┏━━
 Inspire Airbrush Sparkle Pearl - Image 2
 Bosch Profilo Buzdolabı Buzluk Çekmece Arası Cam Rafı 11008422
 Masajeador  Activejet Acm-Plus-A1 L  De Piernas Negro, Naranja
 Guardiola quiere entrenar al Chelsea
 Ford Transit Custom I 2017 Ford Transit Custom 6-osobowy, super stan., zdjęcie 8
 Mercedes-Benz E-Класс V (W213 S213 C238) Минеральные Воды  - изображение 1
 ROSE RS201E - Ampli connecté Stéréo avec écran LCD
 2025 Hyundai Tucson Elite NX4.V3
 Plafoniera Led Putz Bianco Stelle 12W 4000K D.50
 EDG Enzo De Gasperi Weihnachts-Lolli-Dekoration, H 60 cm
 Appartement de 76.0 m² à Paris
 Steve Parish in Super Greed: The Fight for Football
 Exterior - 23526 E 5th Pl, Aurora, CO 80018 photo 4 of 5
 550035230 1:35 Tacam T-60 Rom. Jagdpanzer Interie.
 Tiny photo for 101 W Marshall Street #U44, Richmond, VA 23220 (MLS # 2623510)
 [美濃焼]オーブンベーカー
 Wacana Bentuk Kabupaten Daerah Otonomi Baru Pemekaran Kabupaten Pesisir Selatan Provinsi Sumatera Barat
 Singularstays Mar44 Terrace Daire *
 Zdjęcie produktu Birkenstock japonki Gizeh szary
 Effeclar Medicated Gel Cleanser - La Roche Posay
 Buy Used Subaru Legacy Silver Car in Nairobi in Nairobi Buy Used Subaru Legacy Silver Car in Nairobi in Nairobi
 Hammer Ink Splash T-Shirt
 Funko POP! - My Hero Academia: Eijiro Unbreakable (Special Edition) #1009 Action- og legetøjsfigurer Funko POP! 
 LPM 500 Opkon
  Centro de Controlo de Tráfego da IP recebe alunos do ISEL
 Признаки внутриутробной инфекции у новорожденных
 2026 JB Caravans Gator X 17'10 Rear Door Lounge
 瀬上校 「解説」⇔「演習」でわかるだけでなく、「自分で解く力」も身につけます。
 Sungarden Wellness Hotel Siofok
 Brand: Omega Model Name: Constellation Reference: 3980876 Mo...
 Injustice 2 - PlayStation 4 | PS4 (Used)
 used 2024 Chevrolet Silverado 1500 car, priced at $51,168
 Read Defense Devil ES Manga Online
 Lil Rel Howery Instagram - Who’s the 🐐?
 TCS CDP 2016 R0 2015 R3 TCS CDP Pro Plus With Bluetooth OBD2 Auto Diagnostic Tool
┗━━
Exactly as they stand, please print the lines from the first line of the records above down to the line that includes "Ford Transit Custom I", both of those included and no others.

● **Answer to this problem**
 Inspire Airbrush Sparkle Pearl - Image 2
 Bosch Profilo Buzdolabı Buzluk Çekmece Arası Cam Rafı 11008422
 Masajeador  Activejet Acm-Plus-A1 L  De Piernas Negro, Naranja
 Guardiola quiere entrenar al Chelsea
 Ford Transit Custom I 2017 Ford Transit Custom 6-osobowy, super stan., zdjęcie 8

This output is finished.